"Did Gallus tell you?" asked Julia. "He used rarely to speak of her."

Miriam nodded. "Gallus told me. You see he was very good to me and we became friends. For all that he has done, may Heaven bless him, who, although he seems rough, has so kind a heart."

"Yes, may Heaven bless all of us, living and dead," answered Julia. Then she kissed Miriam and left her to her rest.

When Miriam came out of her bedchamber on the following morning, she found Gallus clad in his body armour, now new cleaned, though dinted with many a blow, standing in the court and watching the water which squirted from a leaden pipe to fall into a little basin.

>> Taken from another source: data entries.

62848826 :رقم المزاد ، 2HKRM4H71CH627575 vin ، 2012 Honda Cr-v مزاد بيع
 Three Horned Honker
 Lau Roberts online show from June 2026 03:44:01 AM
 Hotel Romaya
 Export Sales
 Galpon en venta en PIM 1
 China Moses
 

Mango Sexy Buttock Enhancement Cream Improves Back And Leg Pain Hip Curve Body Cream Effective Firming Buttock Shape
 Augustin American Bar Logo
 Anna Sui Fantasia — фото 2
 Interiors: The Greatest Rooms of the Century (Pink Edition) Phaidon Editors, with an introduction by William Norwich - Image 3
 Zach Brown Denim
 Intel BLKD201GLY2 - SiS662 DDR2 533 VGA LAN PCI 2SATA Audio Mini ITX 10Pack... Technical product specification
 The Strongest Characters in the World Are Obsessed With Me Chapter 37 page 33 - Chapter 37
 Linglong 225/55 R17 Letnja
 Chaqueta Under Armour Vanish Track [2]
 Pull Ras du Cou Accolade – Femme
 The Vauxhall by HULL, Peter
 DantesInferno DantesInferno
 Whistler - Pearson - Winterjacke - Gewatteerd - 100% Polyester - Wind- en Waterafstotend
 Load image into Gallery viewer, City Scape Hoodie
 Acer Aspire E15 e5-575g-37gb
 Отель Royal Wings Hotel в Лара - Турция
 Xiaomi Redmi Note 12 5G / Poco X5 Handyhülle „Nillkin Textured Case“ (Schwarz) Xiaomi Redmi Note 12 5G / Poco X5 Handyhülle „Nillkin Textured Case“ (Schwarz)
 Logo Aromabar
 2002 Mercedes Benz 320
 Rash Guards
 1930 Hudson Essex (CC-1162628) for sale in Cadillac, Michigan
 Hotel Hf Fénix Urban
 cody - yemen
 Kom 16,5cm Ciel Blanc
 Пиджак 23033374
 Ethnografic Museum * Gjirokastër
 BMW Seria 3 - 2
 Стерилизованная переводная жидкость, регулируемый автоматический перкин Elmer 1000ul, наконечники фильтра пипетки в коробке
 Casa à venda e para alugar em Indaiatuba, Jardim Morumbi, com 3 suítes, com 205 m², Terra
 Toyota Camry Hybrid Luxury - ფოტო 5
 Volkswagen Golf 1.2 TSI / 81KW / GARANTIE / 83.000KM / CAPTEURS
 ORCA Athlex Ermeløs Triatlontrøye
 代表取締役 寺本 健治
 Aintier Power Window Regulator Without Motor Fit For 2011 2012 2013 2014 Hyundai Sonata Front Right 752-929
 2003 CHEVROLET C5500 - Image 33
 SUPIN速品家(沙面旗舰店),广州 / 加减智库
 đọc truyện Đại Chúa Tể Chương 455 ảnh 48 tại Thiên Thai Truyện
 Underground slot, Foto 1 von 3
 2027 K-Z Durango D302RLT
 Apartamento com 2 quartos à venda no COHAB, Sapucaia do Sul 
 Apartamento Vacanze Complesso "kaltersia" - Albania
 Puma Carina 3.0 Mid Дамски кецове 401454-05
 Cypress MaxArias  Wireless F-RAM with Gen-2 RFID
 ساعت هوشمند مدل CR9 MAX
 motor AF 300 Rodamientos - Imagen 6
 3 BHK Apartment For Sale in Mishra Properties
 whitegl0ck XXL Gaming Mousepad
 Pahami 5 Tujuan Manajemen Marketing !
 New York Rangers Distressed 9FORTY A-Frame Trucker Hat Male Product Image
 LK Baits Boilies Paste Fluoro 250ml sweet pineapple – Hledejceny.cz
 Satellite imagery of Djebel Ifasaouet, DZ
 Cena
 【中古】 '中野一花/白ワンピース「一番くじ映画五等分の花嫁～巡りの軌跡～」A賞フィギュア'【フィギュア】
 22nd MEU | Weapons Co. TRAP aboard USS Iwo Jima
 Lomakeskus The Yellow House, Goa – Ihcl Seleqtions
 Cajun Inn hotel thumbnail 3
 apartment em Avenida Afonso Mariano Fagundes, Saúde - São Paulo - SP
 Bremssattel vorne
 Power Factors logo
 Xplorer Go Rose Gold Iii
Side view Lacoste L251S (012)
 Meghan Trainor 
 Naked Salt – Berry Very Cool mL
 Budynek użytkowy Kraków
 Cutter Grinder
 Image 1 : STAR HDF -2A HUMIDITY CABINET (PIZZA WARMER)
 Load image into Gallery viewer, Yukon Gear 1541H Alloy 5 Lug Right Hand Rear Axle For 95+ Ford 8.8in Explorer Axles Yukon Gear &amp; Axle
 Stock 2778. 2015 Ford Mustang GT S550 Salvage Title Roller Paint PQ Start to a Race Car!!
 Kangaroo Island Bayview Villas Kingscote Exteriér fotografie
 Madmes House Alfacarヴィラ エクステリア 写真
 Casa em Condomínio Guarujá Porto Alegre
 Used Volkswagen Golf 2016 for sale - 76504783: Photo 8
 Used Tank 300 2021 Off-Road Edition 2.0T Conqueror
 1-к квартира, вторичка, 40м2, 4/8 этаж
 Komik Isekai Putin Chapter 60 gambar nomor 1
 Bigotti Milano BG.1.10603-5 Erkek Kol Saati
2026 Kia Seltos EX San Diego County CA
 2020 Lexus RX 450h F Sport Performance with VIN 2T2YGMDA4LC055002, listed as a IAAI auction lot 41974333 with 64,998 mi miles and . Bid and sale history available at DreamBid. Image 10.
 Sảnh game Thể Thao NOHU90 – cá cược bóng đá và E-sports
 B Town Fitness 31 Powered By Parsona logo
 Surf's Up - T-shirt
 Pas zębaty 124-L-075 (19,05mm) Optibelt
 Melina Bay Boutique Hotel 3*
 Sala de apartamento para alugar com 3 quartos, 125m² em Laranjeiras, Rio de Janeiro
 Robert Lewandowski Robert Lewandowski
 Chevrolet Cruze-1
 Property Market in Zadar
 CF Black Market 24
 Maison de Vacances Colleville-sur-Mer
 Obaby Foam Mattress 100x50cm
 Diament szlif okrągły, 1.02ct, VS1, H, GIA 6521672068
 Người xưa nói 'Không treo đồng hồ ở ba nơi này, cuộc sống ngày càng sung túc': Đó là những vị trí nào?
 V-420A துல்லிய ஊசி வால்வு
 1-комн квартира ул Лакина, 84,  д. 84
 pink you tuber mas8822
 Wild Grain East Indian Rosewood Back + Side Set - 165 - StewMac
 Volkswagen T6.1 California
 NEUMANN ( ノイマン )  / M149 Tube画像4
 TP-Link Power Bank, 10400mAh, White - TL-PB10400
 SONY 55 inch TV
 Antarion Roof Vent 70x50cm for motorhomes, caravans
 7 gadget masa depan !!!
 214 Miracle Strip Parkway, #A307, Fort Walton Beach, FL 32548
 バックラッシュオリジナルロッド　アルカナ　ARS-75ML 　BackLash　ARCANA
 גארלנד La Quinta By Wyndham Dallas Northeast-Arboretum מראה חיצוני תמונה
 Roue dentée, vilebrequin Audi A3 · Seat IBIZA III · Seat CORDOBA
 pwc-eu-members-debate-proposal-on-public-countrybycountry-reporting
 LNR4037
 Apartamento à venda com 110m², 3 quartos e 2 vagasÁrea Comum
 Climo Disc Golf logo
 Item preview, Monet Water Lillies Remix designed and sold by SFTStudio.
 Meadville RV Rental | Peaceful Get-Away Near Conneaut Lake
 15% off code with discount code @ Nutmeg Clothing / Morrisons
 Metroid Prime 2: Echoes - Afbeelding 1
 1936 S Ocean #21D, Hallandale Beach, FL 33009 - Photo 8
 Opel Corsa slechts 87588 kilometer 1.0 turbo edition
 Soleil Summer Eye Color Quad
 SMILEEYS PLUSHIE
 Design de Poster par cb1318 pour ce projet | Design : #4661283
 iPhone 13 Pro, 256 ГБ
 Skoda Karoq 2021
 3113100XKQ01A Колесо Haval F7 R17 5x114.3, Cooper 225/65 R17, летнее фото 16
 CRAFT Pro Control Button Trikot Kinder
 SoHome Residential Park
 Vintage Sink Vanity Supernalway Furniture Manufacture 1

"Greeting, daughter," he said, looking up. "I trust that you have rested well beneath my roof who have sojourned so long in tents."

"Very well," she answered, adding, "If I might ask it, why do you wear your mail here in peaceful Rome?"

"Because I am summoned to have an audience of Cæsar, now within an hour."

"Is Titus come, then?" she asked hurriedly.

"Nay, nay, not Titus Cæsar, but Vespasian Cæsar, his father, to whom I must make report of all that was passing in Judæa when we left, of the treasure that I brought with me and--of yourself."

"Oh! Gallus," said Miriam, "will he take me away from your charge?"

"I know not. I hope not. But who can say? It is as his fancy may move him. But if he listens to me I swear that you shall stay here for ever; be sure of that."

Then he went, leaning on a spear shaft, for the wound in his leg had caused it to shrink so much that he could never hope to be sound again.

Three hours later he returned to find the two women waiting for him anxiously enough. Julia glanced at his face as he came through the door of the street wall into the vestibulum or courtyard where they were waiting.

"Have no fear," she said. "When Gallus looks so solemn he brings good tidings, for if they are bad he smiles and makes light of them," and advancing she took him by the hand and led him past the porter's room into the atrium.

"What news, husband?" she asked when the door was shut behind them so that none might overhear their talk.

"Well," he answered, "first, my fighting days are over, since I am discharged the army, the physicians declaring that my leg will never be well again. Wife, why do you not weep?"

"Because I rejoice," answered Julia calmly. "Thirty years of war and bloodshed are enough for any man. You have done your work. It is time that you should rest who have been spared so long, and at least I have saved while you were away, and there will be food to fill our mouths."